Si observamos este fenómeno con una cierta perspectiva crítica, podremos concluir que la explicación de estas situaciones se debe en buena medida a que sobre el poder sigue prevaleciendo una vieja convicción. Una vieja convicción que está íntimamente enraizada en las versiones más genuinas del Antiguo Régimen. Es decir, el poder, el mando, el gobierno es, a partir de estas doctrinas, una forma de dominación, una manera de representar la fuerza sobre el común de los mortales. El poder se erige, para quienes así piensan, y actúan, en un ámbito de prerrogativas y privilegios de los que se puede gozar y disfrutar sin cuento y, por cierto, confiar a allegados, afines, adeptos y, como no, familiares.
El poder, sin embargo, bien sabemos que es un espacio para atender los asuntos del interés general de forma razonable y mejorar las condiciones de vida de los ciudadanos. El poder no es una oportunidad magnífica para mejorar las condiciones de vida de quienes lo ejercen y de sus familiares. Más bien, al contrario, se trata de trabajar, a veces de sol a sol, para que los ciudadanos, especialmente en una época de crisis, puedan mejorar sus condiciones de vida hoy muy mermadas.
Cuándo el poder se usa, además de para el medro personal, para colocar a la familia en lugares de privilegio estamos regresando, así de claro, al Antiguo Régimen. A esa etapa de la historia en la que el mando sólo se concebía para la exhibición y ejercicio de la dominación. El poder en las democracias, tiene otro sentido porque es una forma de servir a los conciudadanos, no de servirse de ellos para fines inconfesables. El poder, ms que una suerte de privilegios y prebendas, es una carga, a veces muy pesada, que sólo algunos ciudadanos que asumen un compromiso radical con la mejora de las condiciones de vida de las personas son capaces de asumir. Este planteamiento, que algunos parece música celestial o cantos de sirena, es el que se debe proponer a los nuevos políticos, a los nuevos dirigentes de la cosa pública. Si, por el contrario, lo que observan, y aprenden, es la astucia para quedar siempre arriba, para controlar los resortes del partido a través de toda clase de lindezas, mala cosa, muy mala cosa.
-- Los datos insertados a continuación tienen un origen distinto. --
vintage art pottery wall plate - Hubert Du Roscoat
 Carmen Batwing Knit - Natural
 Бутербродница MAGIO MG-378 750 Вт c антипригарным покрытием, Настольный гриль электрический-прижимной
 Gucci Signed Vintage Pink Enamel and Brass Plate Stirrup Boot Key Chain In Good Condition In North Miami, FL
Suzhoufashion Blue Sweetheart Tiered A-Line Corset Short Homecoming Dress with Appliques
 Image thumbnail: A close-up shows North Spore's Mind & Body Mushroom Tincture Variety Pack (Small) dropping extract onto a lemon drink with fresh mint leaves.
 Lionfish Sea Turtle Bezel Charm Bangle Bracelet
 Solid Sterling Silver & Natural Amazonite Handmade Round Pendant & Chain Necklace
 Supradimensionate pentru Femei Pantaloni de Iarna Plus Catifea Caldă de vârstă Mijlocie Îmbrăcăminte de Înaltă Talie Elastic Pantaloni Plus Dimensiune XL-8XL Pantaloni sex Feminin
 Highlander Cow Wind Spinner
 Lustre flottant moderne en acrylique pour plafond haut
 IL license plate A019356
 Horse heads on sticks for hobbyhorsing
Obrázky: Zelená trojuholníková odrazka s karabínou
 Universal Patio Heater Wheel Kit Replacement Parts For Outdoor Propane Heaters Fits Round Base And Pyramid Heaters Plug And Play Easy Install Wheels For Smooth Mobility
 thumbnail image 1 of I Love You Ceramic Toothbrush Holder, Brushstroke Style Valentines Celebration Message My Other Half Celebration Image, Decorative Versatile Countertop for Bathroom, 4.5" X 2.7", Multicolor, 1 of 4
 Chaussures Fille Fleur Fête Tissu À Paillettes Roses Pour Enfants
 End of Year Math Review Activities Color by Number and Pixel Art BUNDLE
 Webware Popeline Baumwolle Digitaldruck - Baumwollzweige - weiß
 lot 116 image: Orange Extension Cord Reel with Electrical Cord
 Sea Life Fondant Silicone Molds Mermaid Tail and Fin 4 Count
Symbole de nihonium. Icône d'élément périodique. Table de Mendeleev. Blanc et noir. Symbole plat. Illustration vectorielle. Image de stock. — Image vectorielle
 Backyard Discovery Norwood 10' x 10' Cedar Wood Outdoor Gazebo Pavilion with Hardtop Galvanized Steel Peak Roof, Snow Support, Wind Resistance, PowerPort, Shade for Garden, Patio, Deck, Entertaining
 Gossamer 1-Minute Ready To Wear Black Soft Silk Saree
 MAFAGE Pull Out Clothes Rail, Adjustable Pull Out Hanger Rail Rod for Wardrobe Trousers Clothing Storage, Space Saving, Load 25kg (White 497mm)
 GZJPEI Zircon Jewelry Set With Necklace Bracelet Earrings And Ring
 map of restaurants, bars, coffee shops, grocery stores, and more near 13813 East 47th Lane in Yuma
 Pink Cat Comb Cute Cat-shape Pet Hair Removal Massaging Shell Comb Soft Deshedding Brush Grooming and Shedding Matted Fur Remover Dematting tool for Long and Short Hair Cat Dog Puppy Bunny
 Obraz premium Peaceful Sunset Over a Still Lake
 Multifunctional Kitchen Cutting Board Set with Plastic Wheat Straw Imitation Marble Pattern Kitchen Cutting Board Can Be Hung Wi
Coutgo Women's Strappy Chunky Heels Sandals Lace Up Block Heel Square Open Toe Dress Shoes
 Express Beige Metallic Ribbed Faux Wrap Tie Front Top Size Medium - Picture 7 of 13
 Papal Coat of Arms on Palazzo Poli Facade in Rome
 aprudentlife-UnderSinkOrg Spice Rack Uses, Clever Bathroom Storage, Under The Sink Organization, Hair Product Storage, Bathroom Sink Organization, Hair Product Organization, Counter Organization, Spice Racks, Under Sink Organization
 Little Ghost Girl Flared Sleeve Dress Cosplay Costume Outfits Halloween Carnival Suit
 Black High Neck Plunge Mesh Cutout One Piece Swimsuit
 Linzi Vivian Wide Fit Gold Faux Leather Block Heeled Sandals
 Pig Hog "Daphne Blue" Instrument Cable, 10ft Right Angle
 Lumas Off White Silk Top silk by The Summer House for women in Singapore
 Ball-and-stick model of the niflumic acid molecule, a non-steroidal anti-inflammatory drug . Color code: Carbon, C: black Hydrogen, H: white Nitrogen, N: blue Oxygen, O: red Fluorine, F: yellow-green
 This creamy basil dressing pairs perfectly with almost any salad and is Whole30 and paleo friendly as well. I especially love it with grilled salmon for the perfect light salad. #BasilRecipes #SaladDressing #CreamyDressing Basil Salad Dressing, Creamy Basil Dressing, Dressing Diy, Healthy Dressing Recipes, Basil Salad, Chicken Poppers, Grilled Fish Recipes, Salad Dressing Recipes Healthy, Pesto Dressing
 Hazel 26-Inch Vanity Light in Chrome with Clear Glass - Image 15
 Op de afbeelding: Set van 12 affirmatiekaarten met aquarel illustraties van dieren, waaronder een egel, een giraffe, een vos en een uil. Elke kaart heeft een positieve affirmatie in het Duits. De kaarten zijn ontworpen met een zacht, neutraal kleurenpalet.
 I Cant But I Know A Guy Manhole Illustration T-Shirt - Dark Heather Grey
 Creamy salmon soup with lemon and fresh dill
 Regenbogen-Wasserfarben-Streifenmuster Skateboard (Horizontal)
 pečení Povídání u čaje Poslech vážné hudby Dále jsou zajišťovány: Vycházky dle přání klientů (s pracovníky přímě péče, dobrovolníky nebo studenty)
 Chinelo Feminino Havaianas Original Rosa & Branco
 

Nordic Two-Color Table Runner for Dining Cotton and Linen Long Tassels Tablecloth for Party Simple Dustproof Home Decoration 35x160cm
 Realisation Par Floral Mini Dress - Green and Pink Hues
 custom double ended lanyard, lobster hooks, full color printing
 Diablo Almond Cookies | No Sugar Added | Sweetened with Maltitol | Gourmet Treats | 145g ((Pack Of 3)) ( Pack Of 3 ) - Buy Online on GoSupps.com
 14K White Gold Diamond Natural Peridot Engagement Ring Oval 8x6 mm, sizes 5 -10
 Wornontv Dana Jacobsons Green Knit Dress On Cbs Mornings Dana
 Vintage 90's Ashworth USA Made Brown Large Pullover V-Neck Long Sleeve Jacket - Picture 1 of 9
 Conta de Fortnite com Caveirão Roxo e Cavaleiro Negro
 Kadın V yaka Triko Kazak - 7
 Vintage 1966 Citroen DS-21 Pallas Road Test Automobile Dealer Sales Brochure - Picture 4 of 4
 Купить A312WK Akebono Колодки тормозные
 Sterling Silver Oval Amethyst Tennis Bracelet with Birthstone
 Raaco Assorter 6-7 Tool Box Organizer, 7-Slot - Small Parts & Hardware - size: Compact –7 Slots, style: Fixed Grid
En fin, los episodios de estos días referentes al advenimiento de no pocos familiares a la dirección y rectoría de empresas y fundaciones públicas representan, de una u otra manera, una forma de entender la política. Una manera de entender la política que, es trise reconocerlo, lleva instalada en la política española demasiado tiempo. Probablemente porque los partidos precisen abrir las ventanas, desmantelar oligarquías, convocar a personas dispuestas a asumir como cargas los cargos públicos.
En fin, una pregunta para terminar el artículo de hoy: ¿por qué normalmente para alcanzar un cargo público hay que hacer lo que hay que hacer cuándo lo ordinario debería ser buscar a las personas más preparadas y con una elevada vocación de servicio a la comunidad?. Por una razón bien evidente: en el reino de la política, al menos de la política de este tiempo, lo más importante es saber doblar el espinazo, a veces hasta tocar el suelo. Porque el que se mueve, el que tiene ideas, el que sale del carril, es peligroso y pone en peligro el sistema.